子音の処理|ことばを立てる

やり方カンタ監修: 上野目 泰之4

子音を「短く・遅らせて」母音のすぐ前に置くと、歌のことばがはっきり伝わる——そのしくみと練習・指導のコツを、やさしく解説します。

結論:子音は「短く・遅らせて」置くと、ことばがはっきり立つ

歌でことばを聞き取りやすくするコツは、子音をなるべく短くして、母音のすぐ前にすばやく置くことです。母音をたっぷり響かせて、その終わりぎわに子音をそっと足す。これだけで歌詞は届きやすくなります。

子音と母音はどう違うのか

まず、声には二つの種類があります。

  • 母音:口をあけて、声がのびのび流れる音(あ・い・う・え・お)
  • 子音:口や舌や歯で息をいったん止めたり、こすったりする音(か・さ・た など)

子音はさらに二つに分けられます。

  • 声がふるえる子音:「ば・だ・が」など、のどがふるえる音
  • 声がふるえない子音:「ぱ・た・か」など、息だけで作る音

母音は声を「のばす」役、子音は意味を「区切る」役です。歌では母音がメロディーを運び、子音がことばの輪郭を作ります。

なぜ「短く・遅らせて」なのか

子音を長く強く出すと、その間メロディーがとぎれます。すると、なめらかさが消えてしまいます。
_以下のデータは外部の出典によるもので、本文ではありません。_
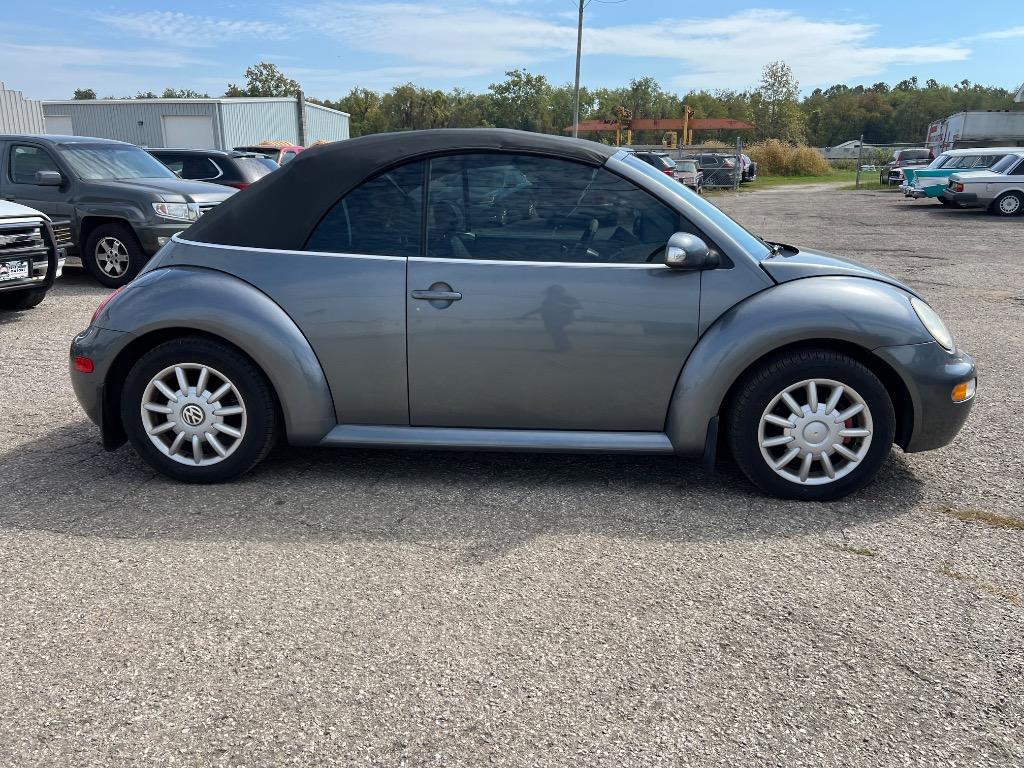 2004 Volkswagen Beetle - $3,500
そこで使うのが「遅い子音」という考え方です。母音をぎりぎりまでのばし、次の音にうつる直前に子音をすばやく置きます。母音の響く時間を長く取りながら、ことばもきちんと伝える。この二つを同時にかなえるやり方です。

速い曲や、なめらかにつなげたい曲では、とくに役立ちます。

やってみる手順

  • ゆっくりのテンポで、まず母音だけで歌う(あー・あー)
  • 次の音に動く直前に、子音をひと粒だけ足す
  • 子音は「短く・軽く」。力を入れすぎない
  • 自分の声を録音して、ことばが聞こえるか確かめる
  • 聞こえにくい言いまわしだけ、取り出してくり返す

イタリア語には「ベッロ」のように同じ子音を二つ続ける音があります。ここは少し長めに止めると意味が変わります。言語ごとに置き方のクセがあると覚えておくと安心です。

ことばの出だしをそろえる

ことばの出だしを強くたたきつけると、声に負担がかかりやすくなります。母音で始まる「あ」などは、息と声をほぼ同時にやさしく出すと、なめらかに聞こえます。
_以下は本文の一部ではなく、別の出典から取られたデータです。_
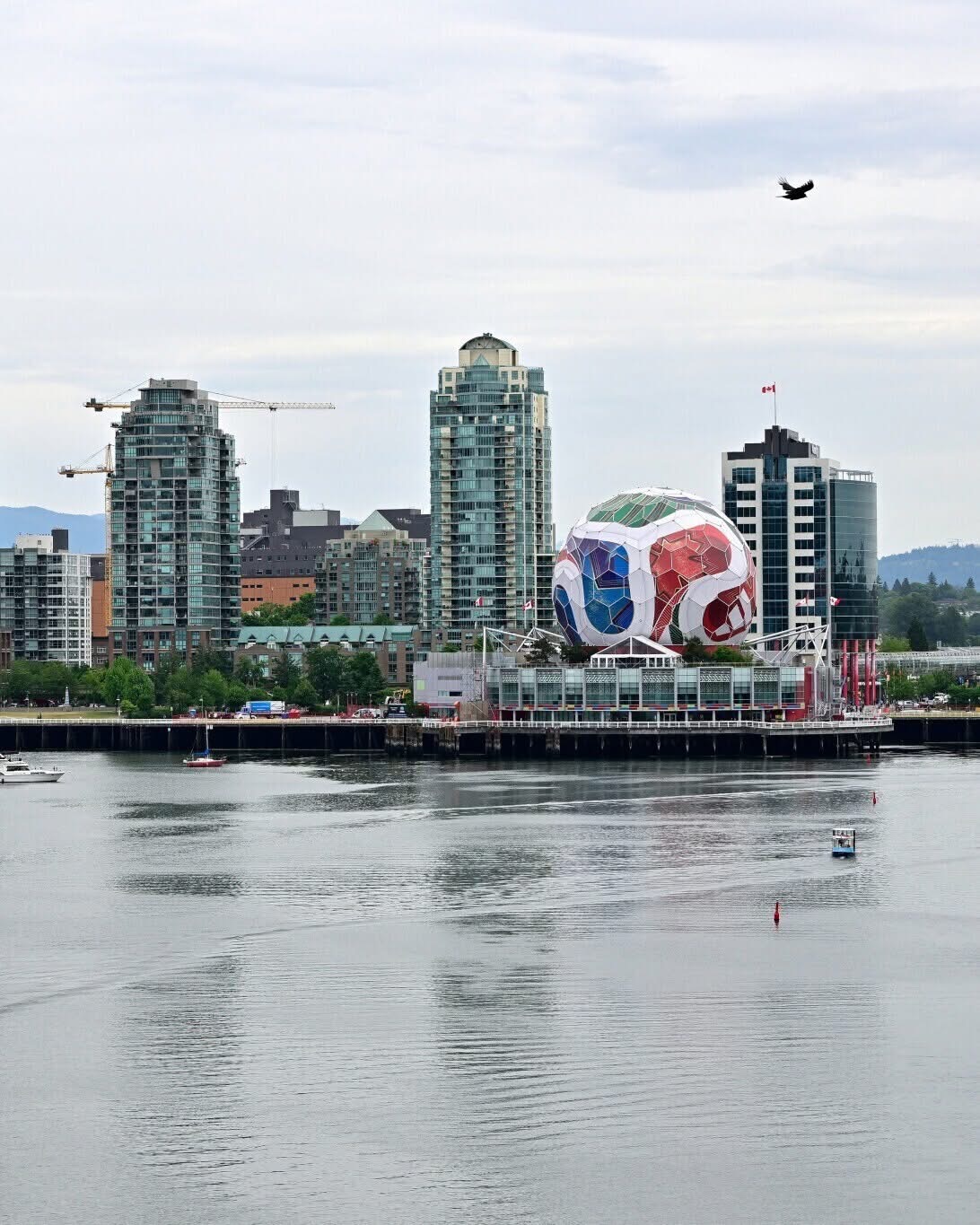 Vancouver se viste de Mundial con un gigantesco balón sobre su skyline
毎日たくさん歌う人は、のどに痛みや強い不調を感じたら、無理をせず専門の機関に相談してください。これは練習の話で、病気を見分ける話ではありません。

教えるときに役立つこと

教える側は、「子音をはっきり」とだけ言わないほうがうまく伝わります。多くの人は、それを「子音を強く長く」と受け取り、かえって聞きづらくなるからです。

伝え方のコツをまとめます。

  • 「短く・遅らせて」をセットで伝える:強さではなく、置く場所とタイミングの話だと示す
  • 母音を先に作らせる:母音がのびてから子音を足す順番にする
  • 録音で本人に気づかせる:直すより先に、聞こえ方を一緒に確かめる
  • 言語ごとに分けて教える:日本語・英語・イタリア語で置き方が違うと整理する

「直す」より「気づかせる」。生徒が自分の耳で違いを聞けると、上達がぐっと早くなります。
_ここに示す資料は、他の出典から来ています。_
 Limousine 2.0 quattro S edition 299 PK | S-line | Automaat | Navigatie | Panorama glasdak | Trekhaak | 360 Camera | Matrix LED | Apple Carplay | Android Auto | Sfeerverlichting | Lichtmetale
声を教える仕事に向いているか気になった方は、適性診断で確かめてみてください。短い質問に答えるだけで、あなたの強みが見えてきます。

よくある質問

子音は強く出したほうが、ことばは伝わりますか?
いいえ、強さよりも「置く場所」と「短さ」が大切です。子音を強く長くすると母音がとぎれ、かえって聞きづらくなります。母音をのばし、その終わりに子音をすばやく足すと、ことばがはっきり立ちます。
日本語の歌でも、この子音の置き方は役に立ちますか?
はい、役に立ちます。母音を先にのばし、子音を短く軽く足す考え方はどの言語でも使えます。ただし子音を続ける音などは言語ごとにクセがあるので、曲の言語に合わせて少しずつ覚えるとよいです。
練習で子音を出すと、のどがつかれます。どうすればよいですか?
出だしを強くたたきつけていないか確かめてください。息と声をやさしく同時に出すと負担が減ります。それでも痛みや強い不調が続くときは、無理をせず専門の機関に相談してください。